● PROVIDED ENTRIES
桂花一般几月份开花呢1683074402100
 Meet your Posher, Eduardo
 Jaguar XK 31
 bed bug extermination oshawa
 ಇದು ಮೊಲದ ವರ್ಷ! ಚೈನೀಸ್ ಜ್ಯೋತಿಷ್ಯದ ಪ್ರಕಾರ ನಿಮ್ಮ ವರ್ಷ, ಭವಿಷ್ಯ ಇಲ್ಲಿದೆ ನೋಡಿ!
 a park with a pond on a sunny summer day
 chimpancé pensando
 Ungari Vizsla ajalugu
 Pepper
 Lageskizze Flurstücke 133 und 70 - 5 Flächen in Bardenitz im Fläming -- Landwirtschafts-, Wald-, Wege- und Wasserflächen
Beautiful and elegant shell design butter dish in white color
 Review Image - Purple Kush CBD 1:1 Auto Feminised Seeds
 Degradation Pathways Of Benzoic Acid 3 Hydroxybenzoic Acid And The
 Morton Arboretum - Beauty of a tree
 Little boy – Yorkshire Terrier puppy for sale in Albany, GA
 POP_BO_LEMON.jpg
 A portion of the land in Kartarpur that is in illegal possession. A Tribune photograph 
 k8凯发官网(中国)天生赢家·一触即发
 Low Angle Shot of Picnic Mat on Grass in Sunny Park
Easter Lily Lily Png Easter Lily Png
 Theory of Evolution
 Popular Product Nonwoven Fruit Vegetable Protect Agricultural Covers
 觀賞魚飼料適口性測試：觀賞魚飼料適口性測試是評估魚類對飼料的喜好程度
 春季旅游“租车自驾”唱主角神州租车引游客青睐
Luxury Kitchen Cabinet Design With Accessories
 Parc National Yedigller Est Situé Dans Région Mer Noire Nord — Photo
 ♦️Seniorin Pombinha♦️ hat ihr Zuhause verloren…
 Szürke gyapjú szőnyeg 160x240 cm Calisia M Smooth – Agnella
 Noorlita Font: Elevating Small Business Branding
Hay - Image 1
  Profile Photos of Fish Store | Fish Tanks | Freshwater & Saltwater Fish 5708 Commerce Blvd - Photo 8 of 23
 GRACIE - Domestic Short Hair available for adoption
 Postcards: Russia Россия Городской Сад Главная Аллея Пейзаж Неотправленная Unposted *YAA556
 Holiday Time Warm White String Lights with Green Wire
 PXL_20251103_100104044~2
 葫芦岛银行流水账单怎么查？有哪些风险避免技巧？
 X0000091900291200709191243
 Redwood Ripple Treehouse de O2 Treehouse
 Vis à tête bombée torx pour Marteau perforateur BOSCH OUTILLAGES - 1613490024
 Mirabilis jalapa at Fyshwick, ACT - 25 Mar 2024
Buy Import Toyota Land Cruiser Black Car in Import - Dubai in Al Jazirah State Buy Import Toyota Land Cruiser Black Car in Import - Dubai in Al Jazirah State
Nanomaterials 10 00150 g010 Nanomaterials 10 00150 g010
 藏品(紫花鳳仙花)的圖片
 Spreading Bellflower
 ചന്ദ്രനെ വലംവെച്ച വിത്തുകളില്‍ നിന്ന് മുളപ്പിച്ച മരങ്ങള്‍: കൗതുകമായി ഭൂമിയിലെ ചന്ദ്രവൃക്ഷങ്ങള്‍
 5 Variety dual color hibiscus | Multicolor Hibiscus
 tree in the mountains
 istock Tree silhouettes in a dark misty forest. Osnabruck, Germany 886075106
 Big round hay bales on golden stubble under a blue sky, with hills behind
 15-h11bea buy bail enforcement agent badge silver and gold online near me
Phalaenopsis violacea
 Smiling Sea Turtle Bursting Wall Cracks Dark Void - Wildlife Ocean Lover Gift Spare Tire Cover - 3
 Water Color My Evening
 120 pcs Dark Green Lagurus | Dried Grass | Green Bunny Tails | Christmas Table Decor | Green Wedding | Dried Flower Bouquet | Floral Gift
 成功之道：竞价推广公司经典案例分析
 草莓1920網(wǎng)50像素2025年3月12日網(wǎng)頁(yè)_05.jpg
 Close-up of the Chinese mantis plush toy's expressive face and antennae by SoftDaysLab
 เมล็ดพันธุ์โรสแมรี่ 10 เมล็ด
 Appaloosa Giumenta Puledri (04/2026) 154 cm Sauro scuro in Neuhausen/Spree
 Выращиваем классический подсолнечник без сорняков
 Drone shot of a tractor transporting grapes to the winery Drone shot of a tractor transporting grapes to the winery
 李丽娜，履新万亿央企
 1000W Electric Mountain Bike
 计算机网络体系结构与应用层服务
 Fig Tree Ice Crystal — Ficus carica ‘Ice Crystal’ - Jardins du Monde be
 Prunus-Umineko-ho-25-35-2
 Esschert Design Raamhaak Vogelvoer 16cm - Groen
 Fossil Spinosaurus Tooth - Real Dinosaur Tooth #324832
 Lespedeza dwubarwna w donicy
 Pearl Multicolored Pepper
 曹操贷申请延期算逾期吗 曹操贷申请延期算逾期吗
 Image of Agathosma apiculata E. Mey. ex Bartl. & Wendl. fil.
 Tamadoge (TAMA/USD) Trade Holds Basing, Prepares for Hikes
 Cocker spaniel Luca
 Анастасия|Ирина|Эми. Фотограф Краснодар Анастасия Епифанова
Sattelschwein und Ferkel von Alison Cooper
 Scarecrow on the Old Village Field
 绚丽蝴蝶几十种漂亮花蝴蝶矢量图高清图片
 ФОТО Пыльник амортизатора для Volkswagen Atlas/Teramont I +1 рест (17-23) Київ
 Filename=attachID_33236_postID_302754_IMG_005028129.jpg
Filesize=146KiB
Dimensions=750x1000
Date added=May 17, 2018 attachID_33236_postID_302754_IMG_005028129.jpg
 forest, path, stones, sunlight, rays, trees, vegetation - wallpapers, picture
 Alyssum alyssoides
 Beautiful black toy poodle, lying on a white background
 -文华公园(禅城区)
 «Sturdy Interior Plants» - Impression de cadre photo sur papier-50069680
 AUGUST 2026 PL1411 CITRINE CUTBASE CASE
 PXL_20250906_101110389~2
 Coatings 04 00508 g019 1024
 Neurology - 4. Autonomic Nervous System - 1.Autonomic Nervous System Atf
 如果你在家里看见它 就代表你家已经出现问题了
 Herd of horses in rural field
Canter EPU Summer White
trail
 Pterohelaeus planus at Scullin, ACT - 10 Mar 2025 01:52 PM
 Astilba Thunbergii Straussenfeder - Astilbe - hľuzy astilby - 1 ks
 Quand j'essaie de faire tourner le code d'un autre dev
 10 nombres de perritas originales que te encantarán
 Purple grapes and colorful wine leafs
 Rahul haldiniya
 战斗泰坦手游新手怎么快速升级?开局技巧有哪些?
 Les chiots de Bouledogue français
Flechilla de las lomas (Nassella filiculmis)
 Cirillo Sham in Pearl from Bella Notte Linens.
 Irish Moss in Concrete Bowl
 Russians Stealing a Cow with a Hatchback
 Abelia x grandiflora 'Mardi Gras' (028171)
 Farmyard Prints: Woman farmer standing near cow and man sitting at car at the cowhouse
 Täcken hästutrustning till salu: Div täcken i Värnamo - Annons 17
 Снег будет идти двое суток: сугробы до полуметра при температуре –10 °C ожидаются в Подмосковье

● WHAT IS EXPECTED
In the records above, find the line containing "Lageskizze Flurstücke 133" and restate word for word every line from the first through that one.

● WRITTEN RESPONSE
桂花一般几月份开花呢1683074402100
 Meet your Posher, Eduardo
 Jaguar XK 31
 bed bug extermination oshawa
 ಇದು ಮೊಲದ ವರ್ಷ! ಚೈನೀಸ್ ಜ್ಯೋತಿಷ್ಯದ ಪ್ರಕಾರ ನಿಮ್ಮ ವರ್ಷ, ಭವಿಷ್ಯ ಇಲ್ಲಿದೆ ನೋಡಿ!
 a park with a pond on a sunny summer day
 chimpancé pensando
 Ungari Vizsla ajalugu
 Pepper
 Lageskizze Flurstücke 133 und 70 - 5 Flächen in Bardenitz im Fläming -- Landwirtschafts-, Wald-, Wege- und Wasserflächen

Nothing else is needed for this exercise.